Note to subscribers: The Watch List will be on hiatus for the next two weeks while the author finally takes the overseas vacation that COVID scrubbed in 2020.
I returned from the Toronto International Film Festival Thursday night, wishing I’d seen more documentaries and movies from other countries but grateful for the 24 movies I did manage to see in six days of being there. (At a groaning-board fest like TIFF, one’s schedule is hostage to what’s screening when, word of mouth, and whim.) Did I catch anything that’s set to dominate the end-of-year awards derby? Not this time — and believe me it does happen, as memories of festival screenings for “Spotlight,” “Nomadland,” and “Shape of Water” confirm. But I keep returning in my mind to two movies from this year’s batch, the way you recall a heady dining experience: Azazel Jacob’s piercing “His Three Daughters” and Richard Linklater’s exuberant “Hit Man” (see below). I hope you get to enjoy them soon. Following are eight final TIFF mini-reviews.

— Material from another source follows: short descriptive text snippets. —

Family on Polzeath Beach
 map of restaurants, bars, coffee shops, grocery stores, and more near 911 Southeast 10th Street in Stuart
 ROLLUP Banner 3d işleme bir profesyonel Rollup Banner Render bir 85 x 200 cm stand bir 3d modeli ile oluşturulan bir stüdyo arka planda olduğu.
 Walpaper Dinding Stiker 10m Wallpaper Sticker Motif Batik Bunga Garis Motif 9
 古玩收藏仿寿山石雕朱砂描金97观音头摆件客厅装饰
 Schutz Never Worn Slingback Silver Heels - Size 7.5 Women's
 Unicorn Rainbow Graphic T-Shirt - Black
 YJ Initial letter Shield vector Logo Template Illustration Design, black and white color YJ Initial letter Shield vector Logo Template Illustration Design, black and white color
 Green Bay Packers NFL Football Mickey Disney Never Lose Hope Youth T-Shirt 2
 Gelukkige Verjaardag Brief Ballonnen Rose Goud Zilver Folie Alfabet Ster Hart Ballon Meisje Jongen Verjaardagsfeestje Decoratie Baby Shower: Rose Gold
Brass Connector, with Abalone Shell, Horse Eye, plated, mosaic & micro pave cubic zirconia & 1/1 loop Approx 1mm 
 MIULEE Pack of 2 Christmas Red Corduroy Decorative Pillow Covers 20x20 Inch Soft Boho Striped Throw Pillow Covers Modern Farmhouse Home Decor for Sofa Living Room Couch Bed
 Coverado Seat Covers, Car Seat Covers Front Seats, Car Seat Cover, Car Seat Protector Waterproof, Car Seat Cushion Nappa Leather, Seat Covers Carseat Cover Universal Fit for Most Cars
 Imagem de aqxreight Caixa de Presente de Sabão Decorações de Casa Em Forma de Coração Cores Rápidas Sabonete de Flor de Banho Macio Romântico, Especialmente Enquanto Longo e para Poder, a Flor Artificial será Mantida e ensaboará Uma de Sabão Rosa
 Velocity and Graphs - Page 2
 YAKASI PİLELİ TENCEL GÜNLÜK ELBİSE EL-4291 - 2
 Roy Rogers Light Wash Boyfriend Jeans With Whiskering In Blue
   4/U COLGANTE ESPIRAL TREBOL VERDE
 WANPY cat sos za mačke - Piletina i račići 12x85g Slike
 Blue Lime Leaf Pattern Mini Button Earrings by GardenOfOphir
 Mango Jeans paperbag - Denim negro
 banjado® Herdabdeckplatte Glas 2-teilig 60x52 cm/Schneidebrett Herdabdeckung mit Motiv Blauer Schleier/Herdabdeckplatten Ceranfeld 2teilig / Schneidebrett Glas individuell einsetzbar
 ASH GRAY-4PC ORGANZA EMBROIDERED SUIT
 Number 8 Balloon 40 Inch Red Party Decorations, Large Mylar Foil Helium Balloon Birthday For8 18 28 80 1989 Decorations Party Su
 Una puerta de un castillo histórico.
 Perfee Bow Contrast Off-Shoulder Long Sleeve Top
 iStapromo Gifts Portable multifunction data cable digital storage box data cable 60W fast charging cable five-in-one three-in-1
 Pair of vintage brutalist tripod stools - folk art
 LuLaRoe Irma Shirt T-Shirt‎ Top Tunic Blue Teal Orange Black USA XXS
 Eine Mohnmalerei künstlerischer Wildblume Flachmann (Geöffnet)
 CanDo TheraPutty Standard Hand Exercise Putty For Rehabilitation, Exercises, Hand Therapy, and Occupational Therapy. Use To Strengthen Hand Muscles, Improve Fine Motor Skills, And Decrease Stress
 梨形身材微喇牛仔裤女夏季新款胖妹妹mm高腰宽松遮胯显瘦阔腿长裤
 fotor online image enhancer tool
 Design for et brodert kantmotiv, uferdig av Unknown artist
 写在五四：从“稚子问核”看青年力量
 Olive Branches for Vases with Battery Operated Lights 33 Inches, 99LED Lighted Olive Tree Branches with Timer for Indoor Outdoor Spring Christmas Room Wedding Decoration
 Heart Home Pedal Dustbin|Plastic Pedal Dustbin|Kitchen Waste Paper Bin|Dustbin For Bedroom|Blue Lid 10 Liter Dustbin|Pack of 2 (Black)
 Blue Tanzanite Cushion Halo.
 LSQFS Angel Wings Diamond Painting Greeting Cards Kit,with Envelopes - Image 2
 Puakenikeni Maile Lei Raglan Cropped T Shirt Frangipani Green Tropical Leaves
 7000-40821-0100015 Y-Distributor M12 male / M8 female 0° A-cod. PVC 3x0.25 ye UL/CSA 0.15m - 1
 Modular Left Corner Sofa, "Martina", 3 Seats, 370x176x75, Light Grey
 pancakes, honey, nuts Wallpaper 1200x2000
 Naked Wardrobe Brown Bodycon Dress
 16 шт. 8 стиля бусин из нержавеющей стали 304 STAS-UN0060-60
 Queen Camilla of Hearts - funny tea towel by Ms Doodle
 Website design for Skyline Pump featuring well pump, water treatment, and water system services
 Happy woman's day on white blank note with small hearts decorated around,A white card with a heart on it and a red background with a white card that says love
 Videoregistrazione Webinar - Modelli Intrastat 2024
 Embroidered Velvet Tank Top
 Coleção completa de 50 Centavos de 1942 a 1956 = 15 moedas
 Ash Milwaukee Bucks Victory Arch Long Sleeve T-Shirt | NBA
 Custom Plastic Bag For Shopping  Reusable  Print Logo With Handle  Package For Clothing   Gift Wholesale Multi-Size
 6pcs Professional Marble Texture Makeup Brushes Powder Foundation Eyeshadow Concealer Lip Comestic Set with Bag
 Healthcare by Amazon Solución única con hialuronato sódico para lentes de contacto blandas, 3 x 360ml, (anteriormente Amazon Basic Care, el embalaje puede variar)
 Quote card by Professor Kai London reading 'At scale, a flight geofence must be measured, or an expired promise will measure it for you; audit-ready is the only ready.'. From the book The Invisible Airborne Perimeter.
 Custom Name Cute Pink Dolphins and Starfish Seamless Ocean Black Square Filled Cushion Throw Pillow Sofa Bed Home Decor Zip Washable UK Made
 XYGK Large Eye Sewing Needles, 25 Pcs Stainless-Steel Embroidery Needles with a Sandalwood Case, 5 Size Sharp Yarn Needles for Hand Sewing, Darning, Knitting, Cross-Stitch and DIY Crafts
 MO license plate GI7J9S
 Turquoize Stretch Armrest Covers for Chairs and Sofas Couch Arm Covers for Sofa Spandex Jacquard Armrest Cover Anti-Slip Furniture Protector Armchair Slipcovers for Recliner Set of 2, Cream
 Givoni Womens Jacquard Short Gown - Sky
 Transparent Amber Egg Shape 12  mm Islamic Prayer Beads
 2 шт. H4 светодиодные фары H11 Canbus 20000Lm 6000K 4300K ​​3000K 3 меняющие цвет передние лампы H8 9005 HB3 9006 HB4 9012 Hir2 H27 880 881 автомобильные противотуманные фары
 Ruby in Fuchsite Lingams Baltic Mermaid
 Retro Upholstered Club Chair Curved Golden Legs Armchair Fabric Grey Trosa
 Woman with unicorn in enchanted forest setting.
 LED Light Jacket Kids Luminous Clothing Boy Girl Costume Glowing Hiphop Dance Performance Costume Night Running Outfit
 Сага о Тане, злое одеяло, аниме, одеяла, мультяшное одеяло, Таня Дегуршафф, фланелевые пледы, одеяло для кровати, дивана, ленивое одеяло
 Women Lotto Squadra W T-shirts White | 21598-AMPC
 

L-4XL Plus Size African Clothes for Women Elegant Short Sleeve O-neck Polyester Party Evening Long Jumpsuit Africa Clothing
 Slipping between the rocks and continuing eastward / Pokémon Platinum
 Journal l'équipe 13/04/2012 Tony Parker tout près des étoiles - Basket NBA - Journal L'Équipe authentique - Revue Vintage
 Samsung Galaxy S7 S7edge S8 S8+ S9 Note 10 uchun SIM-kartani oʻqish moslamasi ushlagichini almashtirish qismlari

“La Chimera” (⭐ ⭐ ⭐) – Italy’s Alice (pronounced A-lee-chay) Rohrwacher won hearts and mystified minds with “Happy As Lazzaro” in 2018 and her Oscar-nominated 2022 short “The Pupils” (streaming on Disney+) is a whimsical delight; over the course of 14 films and without much fuss she has become one of the more notable heirs to her countrymen Fellini and Rossellini. Rohrwacher’s latest is an offhanded drama about a motley gang of tombaroli – grave robbers – selling Etruscan artifacts on the black market and the moody British tomb whisperer (Josh O’Connor, Prince Charles on TV’s “The Crown”) who’s their nominal leader. Zephyrs of metaphor waft through the film, along with discreet laughter at the human comedy and mourning for a people willing to sell their cultural patrimony for cash. Isabella Rossellini appears in a small but crucial role as though she were giving her bloodline’s blessing. (Theatrical release TBA.)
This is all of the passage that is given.